Compared to something like Metroid Prime Remastered, things look even worse for Rockstar and Take-Two. Now, Nintendo is not exactly a company that’s known for its fair pricing decisions (which seems like a massive understatement, if we’re being honest), but Metroid Prime Remastered was a stellar example of how to handle a remaster. The enhancements and improvements it boasted took even the most optimistic among us by surprise, to the extent that you wouldn’t be blamed for thinking that it was almost more of a remake than a remaster. That launched for a price of $40- a wonderful remaster of one of the best games ever made, launching at a fair price. Imagine that, right?

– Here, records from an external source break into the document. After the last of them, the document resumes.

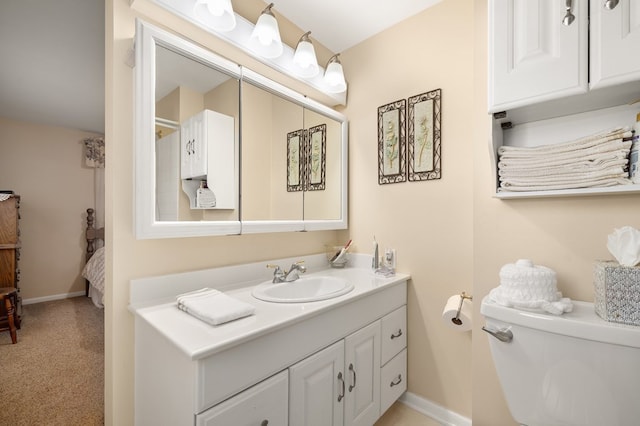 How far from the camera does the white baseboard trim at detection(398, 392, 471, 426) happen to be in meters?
1.51

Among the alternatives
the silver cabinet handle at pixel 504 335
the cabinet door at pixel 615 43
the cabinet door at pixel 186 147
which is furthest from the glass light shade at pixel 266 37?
the silver cabinet handle at pixel 504 335

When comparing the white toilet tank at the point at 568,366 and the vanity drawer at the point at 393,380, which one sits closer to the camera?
the white toilet tank at the point at 568,366

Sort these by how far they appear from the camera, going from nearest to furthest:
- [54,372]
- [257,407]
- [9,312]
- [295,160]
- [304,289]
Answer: [257,407] < [304,289] < [295,160] < [54,372] < [9,312]

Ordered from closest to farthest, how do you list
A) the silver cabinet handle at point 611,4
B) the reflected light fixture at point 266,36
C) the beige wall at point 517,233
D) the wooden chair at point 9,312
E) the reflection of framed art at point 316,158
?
the silver cabinet handle at point 611,4, the beige wall at point 517,233, the reflected light fixture at point 266,36, the reflection of framed art at point 316,158, the wooden chair at point 9,312

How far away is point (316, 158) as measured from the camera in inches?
73.5

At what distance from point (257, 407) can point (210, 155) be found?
1.07 m

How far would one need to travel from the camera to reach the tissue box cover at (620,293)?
795 millimetres

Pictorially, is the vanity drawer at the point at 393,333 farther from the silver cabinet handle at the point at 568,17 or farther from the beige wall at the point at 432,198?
the silver cabinet handle at the point at 568,17

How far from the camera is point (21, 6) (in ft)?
5.52

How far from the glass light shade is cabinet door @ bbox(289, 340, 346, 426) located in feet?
5.05

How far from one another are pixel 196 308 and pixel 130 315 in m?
0.38

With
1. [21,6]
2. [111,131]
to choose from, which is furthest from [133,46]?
[21,6]

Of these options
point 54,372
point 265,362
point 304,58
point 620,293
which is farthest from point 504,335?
point 54,372

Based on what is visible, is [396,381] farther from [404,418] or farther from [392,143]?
[392,143] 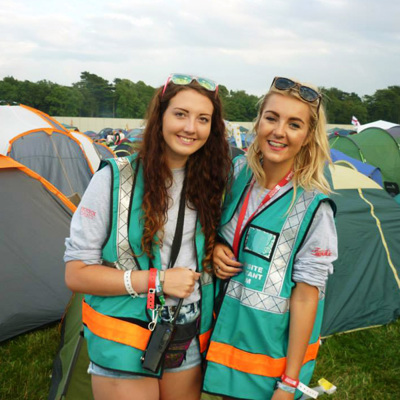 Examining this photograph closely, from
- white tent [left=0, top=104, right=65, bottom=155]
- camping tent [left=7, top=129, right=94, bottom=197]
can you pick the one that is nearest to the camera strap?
camping tent [left=7, top=129, right=94, bottom=197]

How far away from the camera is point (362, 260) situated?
402 centimetres

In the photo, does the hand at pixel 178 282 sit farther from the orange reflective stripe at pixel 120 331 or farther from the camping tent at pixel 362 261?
the camping tent at pixel 362 261

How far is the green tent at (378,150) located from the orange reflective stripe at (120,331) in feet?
26.8

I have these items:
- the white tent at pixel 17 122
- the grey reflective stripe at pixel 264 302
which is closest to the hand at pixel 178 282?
the grey reflective stripe at pixel 264 302

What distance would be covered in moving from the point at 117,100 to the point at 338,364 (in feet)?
216

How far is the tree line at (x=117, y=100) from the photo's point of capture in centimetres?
5800

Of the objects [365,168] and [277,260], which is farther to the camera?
[365,168]

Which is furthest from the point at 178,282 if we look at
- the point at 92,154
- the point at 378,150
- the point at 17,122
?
the point at 378,150

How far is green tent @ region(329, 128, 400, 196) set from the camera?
869 centimetres

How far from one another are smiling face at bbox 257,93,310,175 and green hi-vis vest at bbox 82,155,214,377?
55 cm

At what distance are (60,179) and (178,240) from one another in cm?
596

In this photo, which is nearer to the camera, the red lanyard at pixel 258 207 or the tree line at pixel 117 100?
the red lanyard at pixel 258 207

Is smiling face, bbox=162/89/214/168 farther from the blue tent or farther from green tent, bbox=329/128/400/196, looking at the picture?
green tent, bbox=329/128/400/196

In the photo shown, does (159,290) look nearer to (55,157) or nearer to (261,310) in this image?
(261,310) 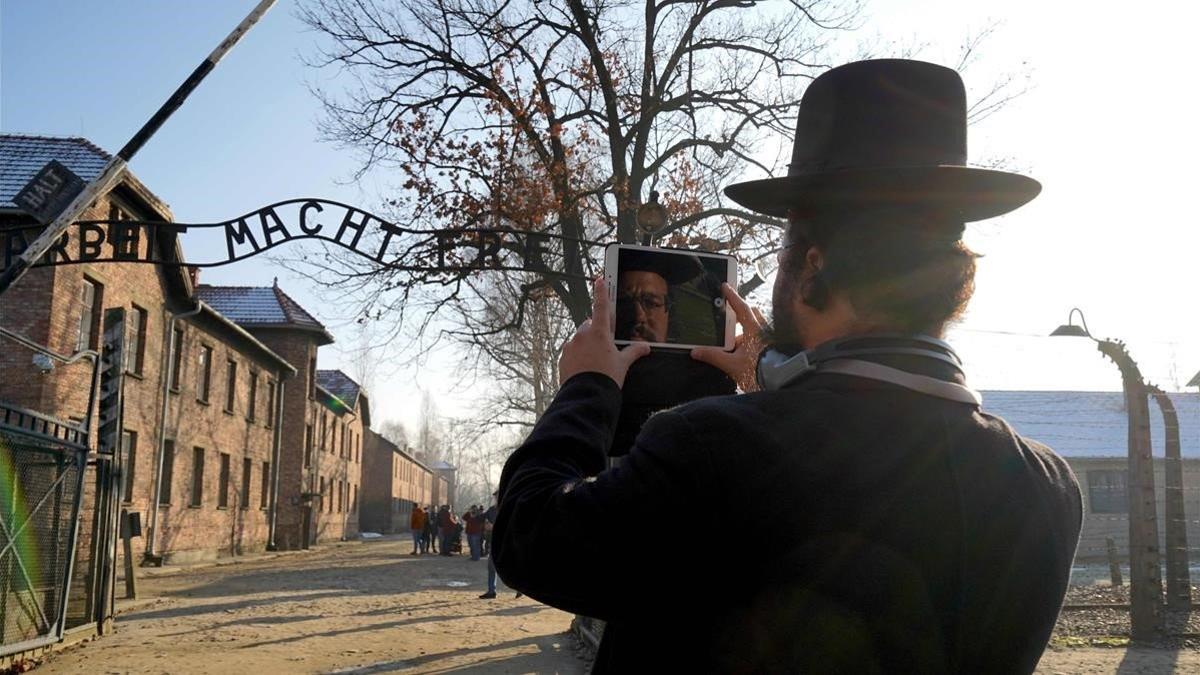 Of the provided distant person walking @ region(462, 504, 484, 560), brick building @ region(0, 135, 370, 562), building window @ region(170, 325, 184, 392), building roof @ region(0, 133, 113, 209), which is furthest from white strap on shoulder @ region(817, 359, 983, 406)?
building window @ region(170, 325, 184, 392)

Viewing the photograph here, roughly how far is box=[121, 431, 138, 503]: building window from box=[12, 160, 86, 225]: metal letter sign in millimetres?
17149

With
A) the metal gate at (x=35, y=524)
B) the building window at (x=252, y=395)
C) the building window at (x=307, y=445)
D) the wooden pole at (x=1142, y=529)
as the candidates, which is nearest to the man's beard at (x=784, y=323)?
the metal gate at (x=35, y=524)

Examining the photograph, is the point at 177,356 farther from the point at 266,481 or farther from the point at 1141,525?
the point at 1141,525

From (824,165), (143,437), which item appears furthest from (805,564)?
(143,437)

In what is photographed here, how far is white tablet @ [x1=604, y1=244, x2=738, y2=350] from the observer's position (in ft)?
6.53

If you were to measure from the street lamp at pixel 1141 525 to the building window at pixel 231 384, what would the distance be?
29266 mm

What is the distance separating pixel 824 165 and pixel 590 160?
16843mm

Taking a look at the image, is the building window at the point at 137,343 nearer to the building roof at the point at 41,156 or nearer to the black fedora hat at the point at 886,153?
the building roof at the point at 41,156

And hell, you don’t even have to compare Red Dead Redemption’s port with any other game to see just how nuts its pricing is. Compare it to itself, because the original Xbox 360 version has been available and playable on Xbox One and Xbox Series X/S for years, courtesy of backward compatibility, which is why an Xbox version of the upcoming port hasn’t been announced. Thanks to system-level enhancements, the game also runs in 4K on Xbox One X and Xbox Series X, and it includes the multiplayer component, which isn’t the case for the port. And do you know how much it costs? At the time of writing, $29.99. Add Undead Nightmare’s $10 price to that, and the two of them combined are still $10 cheaper than the upcoming PS4 and Switch port, despite being far better versions on a technical level, and despite having all the multiplayer content that the port does not.
So no, Red Dead Redemption’s $50 price on PS4 and Switch is definitely not “commercially accurate”, as Zelnick puts it. The hope is that the market will end up deciding the price of the release anyway. That it will sell well in the days and weeks after launch seems like a guarantee, given that it’s Red Dead and given that it’s Rockstar (even the massively underwhelming GTA Trilogy remaster sold like peanuts). But we wouldn’t be surprised if that price ends up dropping significantly a few months down the road. Right now, three factors are going to drive initial sales for the port- the fact that it’s Red Dead, the fact that you can now play it on a portable machine, and the fact that for those who’ve never played the original, it’s going to be an enticing purchase. But once that initial burn of sureshot sales slows down, we’d be surprised to see it maintaining any sort of commercial momentum at its current price.
Note: The views expressed in this article are those of the author and do not necessarily represent the views of, and should not be attributed to, GamingBolt as an organization.